Pictures with short captions:
= = = = = = =

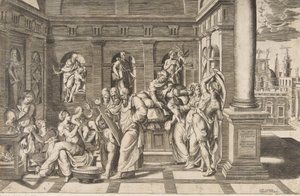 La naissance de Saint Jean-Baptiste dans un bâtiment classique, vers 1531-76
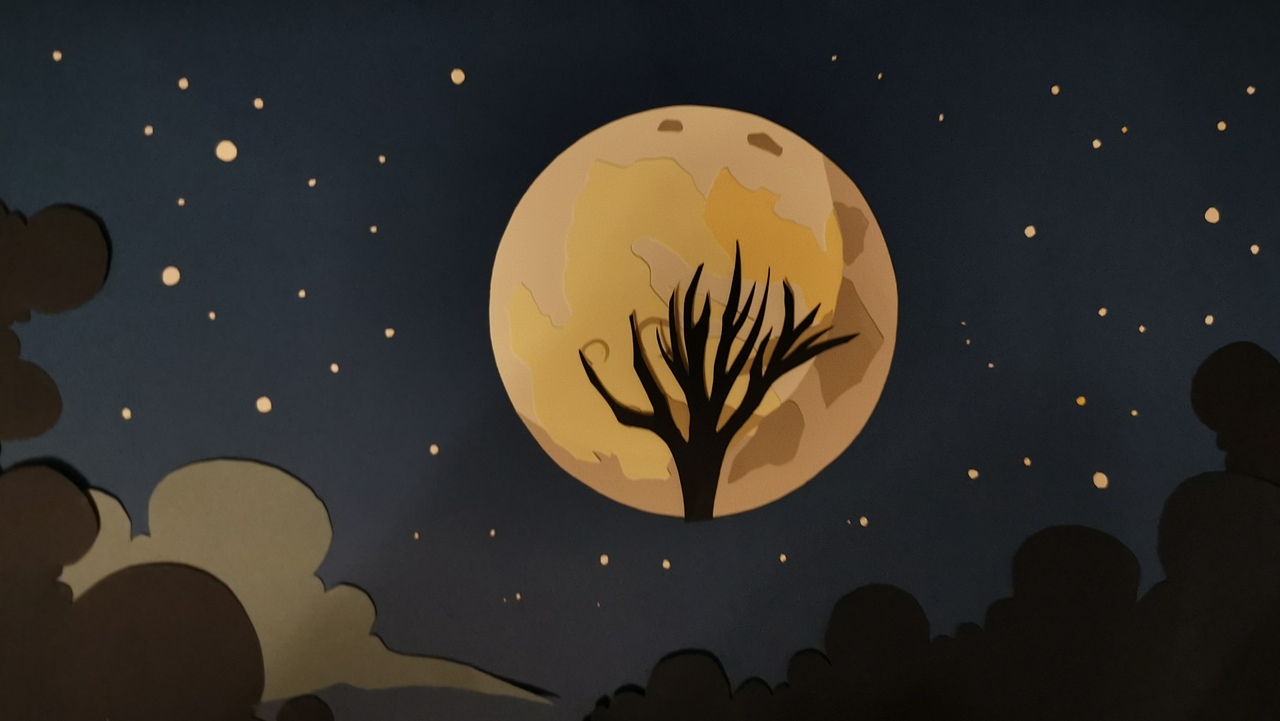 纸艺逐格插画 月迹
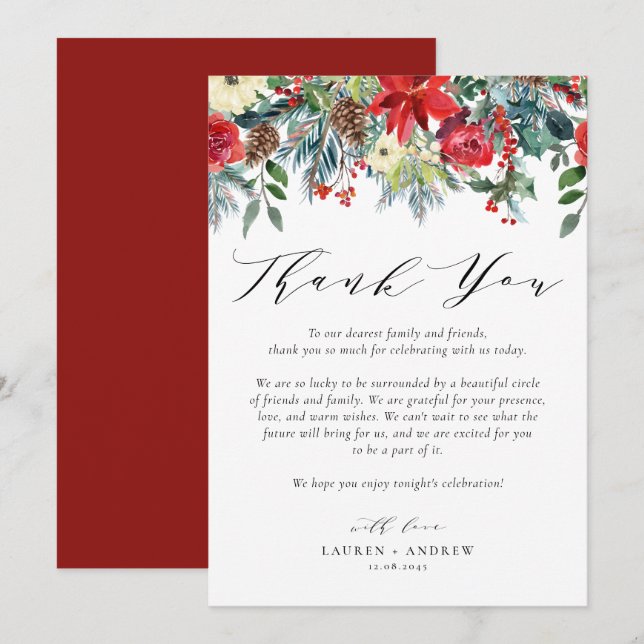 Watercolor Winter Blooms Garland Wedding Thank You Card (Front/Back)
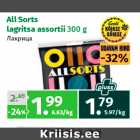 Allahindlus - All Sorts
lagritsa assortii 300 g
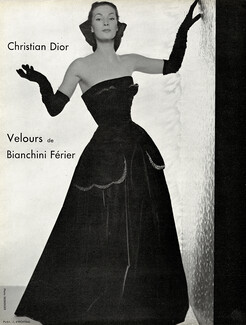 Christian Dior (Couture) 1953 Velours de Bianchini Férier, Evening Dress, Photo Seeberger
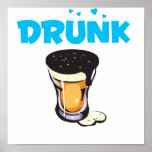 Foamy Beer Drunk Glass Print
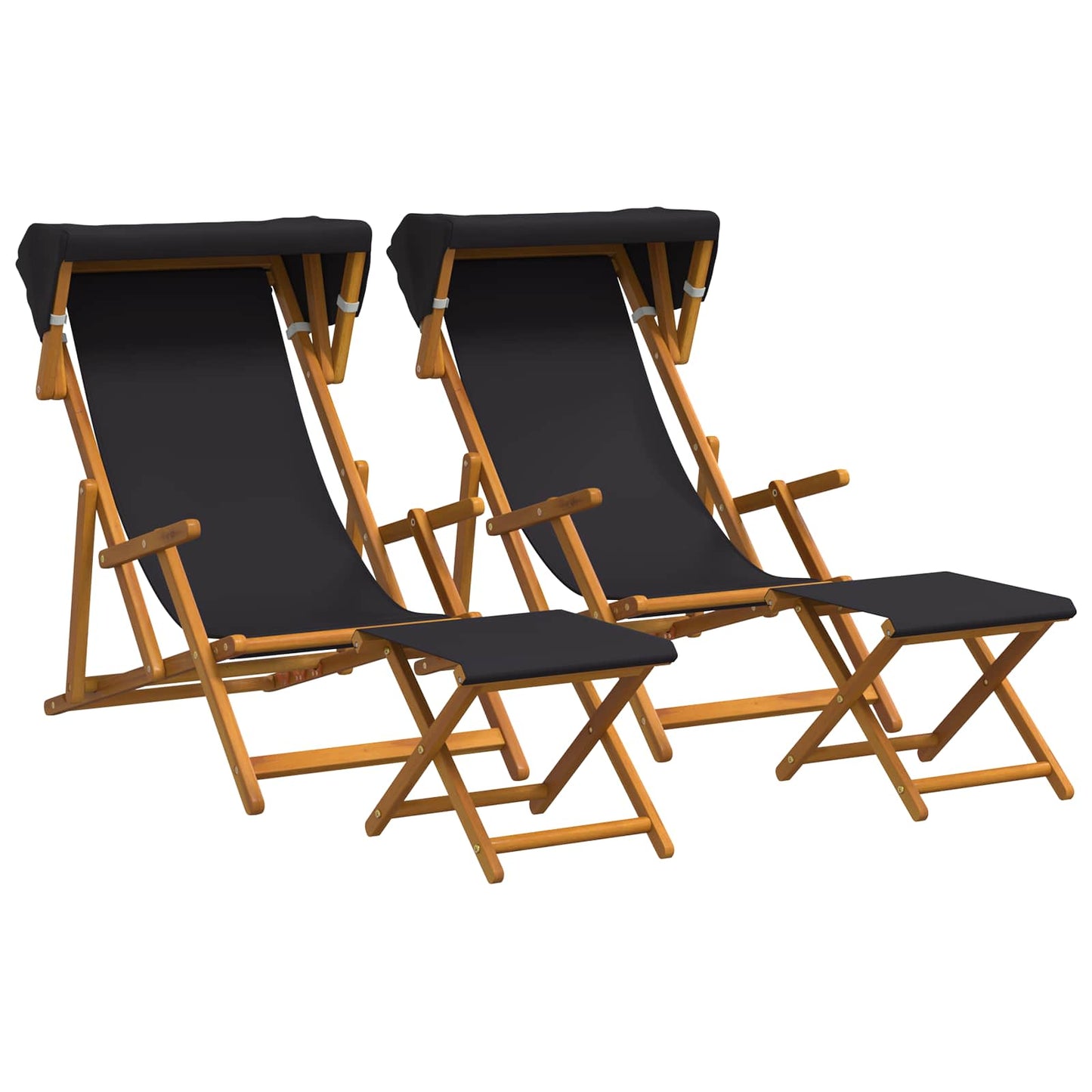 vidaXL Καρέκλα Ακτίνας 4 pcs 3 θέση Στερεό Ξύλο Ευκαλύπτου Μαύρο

= = = = = = =

Exercise instructions:
Please reproduce the entries from above exactly; images are not part of the copy.

Output of the exercise:
 La naissance de Saint Jean-Baptiste dans un bâtiment classique, vers 1531-76
 纸艺逐格插画 月迹
 Watercolor Winter Blooms Garland Wedding Thank You Card (Front/Back)
 Allahindlus - All Sorts
lagritsa assortii 300 g
 Christian Dior (Couture) 1953 Velours de Bianchini Férier, Evening Dress, Photo Seeberger
 Foamy Beer Drunk Glass Print
 vidaXL Καρέκλα Ακτίνας 4 pcs 3 θέση Στερεό Ξύλο Ευκαλύπτου Μαύρο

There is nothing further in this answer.